11:40 am, Sharing Learning Designs: Building the LAMS Community Web Site
I was planning to go to Beyond Chalk but felt I had my fill of surveys and made a sudden change to this session. This was perhaps the best session this year I saw. I first heard of LAMs back in May when it was announced it would be integrated with moodle. I thought it was neat, but didn’t really get LAMs yet. In this session we saw the presenter build a LAMs learning design in a minute and had us go through it (many of us had laptops). To understand LAMS you have to understand what they mean by learning designs. A learning design is a sequence of collaborative learning activities. Some activities involve solo work and others are group work. Typically an assessment piece happens at the end. The presenter built a basic linear LD made up of a question, a vote (survey), a discussion and a chat with us in random groups. This was all built with a graphical drag-and-drop interface and looked really easy. It’s mainly flash-driven. The instructor view was very nice — you could monitor where people were in the LD. It was really cool. I think LDs have some great potential for web-based instruction. They beat learning objects because LDs are easily modified and customized by faculty. Learning objects tend to be more closed and “finished” and not easily adapted. He also mentioned the new community site for sharing LDs.
12:30 pm Lunch
Lunch was lunch. Caught up on emails. There was a lack of beverages available — I suspect there is some rule with the convention center that events couldn’t provide them. There were A LOT of pop machines available though! Interestingly the machines took credit cards, nice.

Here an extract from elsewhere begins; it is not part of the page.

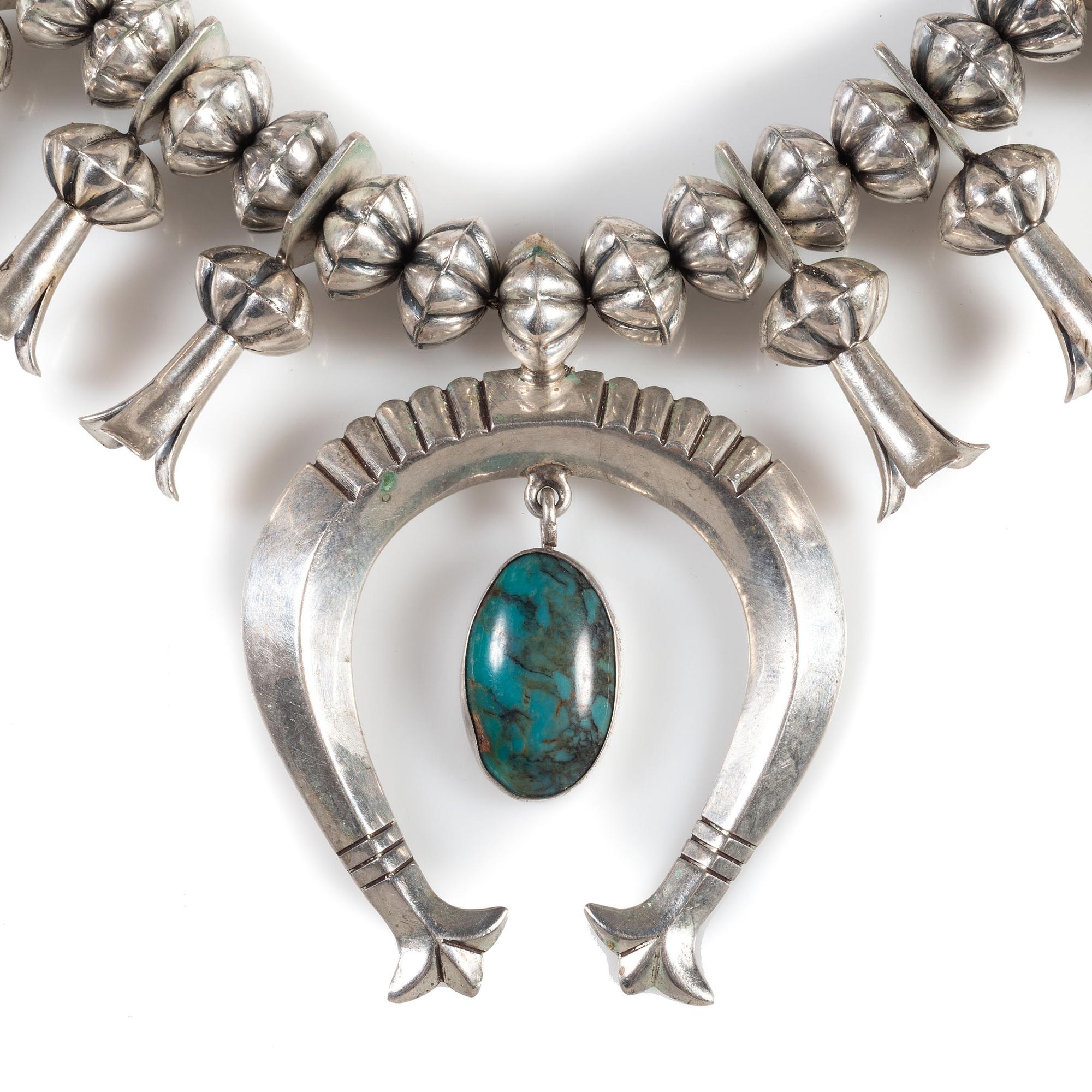 Navajo Silver and Turquoise Squash Blossom Necklace, with Fluted Beads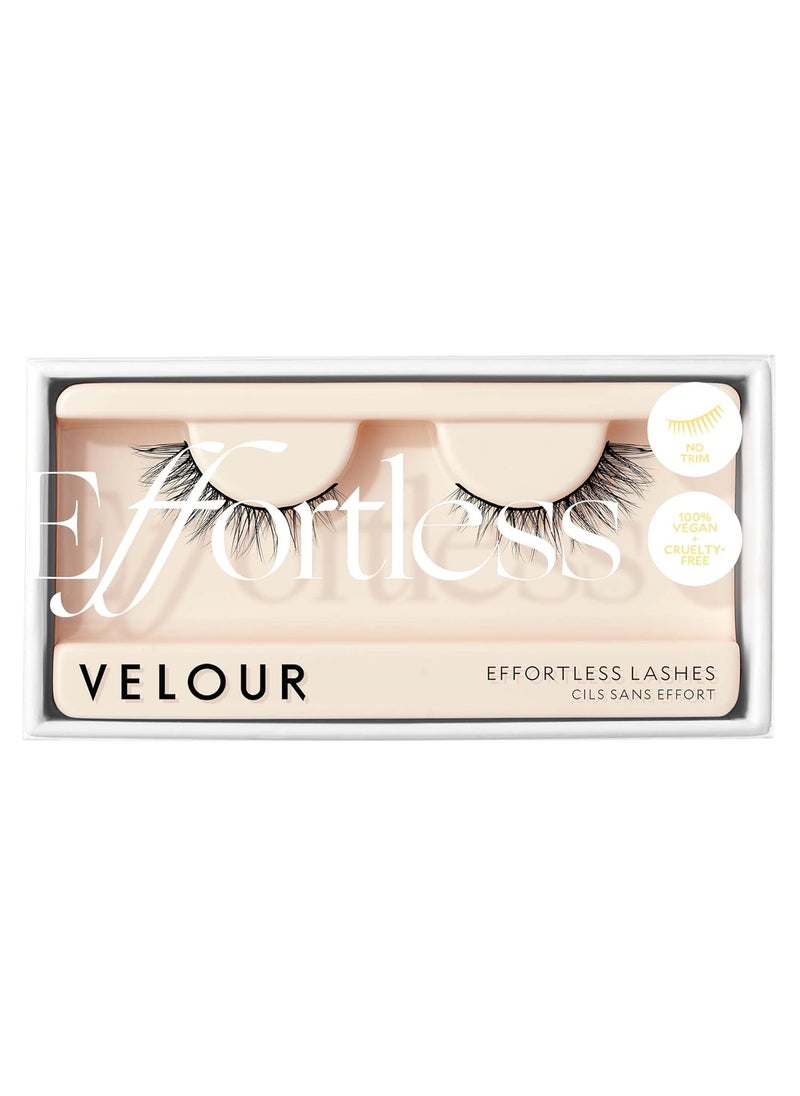 Velour Effortless Lashes, Natural Looking False Eyelashes, Fluffy & Lightweight No Trim Eyelashes, Reusable Fake Lashes For All Eye Shapes, Vegan & Cruelty-Free, Lash Glue not Included (Mini Me)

2:15 pm, Instructional Technologists Constituent Group
This was the first meeting of this new group. A lot of time was spent trying to figure out what the group is. There are a lot of different backgrounds and positions in the group. Some people were alone in their role at their institution, some were part of a larger team. A list of key questions was generated. There was good discussion about pedagogy, technology, instructional design, advocacy vs agency, teaching faculty, gaming, products vs philosophy — things were all over the place. I ducked out to go to a session and missed a small-group breakout. I’m looking forward to see what this group becomes. One person who oversees another group mentioned it took 2 years to define the other group. This was a first meeting of more to come.
3:50 pm, When Space Becomes More Than A Place
This session focused a lot on process and issues with planning. One key concept for me was to “build to pedagogy” rather than have a “built pedagogy.” It was important to design a flexible space that doesn’t force a single pedagogy. Emory University’s Cox Hall was noted as a recent good design. Darmouth’s Collaborative Facilities site was also noted as a resource.